Actually, pretty bad...

## AdaBoost

Now that we are working with linear models, why not use boosting. Boosting improves weak learners, it may help. Boosting is common with Decision Trees, and we'll try that at some other point, but let's stick to SGDClassifier for now.

In [28]:
from sklearn.ensemble import AdaBoostClassifier

In [29]:
model = AdaBoostClassifier(
    base_estimator=SGDClassifier(loss='log')
).fit(x_train, y_train)

In [30]:
y_val_pred = model.predict_proba(x_val)
validate(y_val, y_val_pred, bl, True)

(0.6931465190819549, 6.6147799038240862e-07, -0.00068705848604244668)

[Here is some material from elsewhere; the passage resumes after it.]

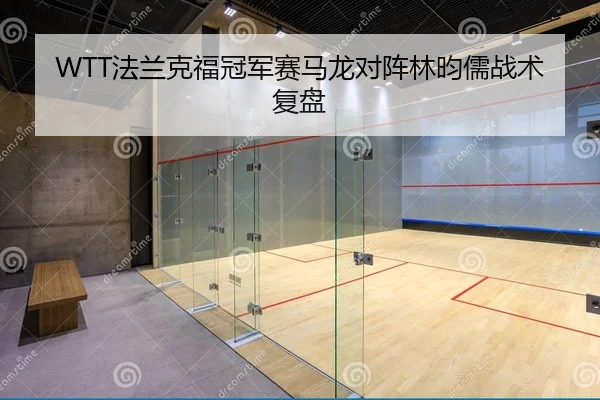 fa-lan-ke-fu-guan-jun-sai-ma-long-dui-zhen-lin-yun-ru-zhan-shu-fu-pan-2-119.jpg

Just for curiosity, let's try the default tree AdaBoost.

In [31]:
model = AdaBoostClassifier().fit(x_train, y_train)

In [32]:
y_val_pred = model.predict_proba(x_val)
validate(y_val, y_val_pred, bl, True)

(0.69309945634692993, 4.7724213015354344e-05, -0.00063999575101747475)

## Conclusions

Alright, nothing much I can do to alter the results of these linear models. I should go to somewhere else.

Looking at the results we can see that the predictions barely deviate from 0.5, the models have no idea what they are doing, I need something deeper.

Actually, I may still be reinventing the wheel too much, there's plenty of people that have done this before me. Let's look at their work some more.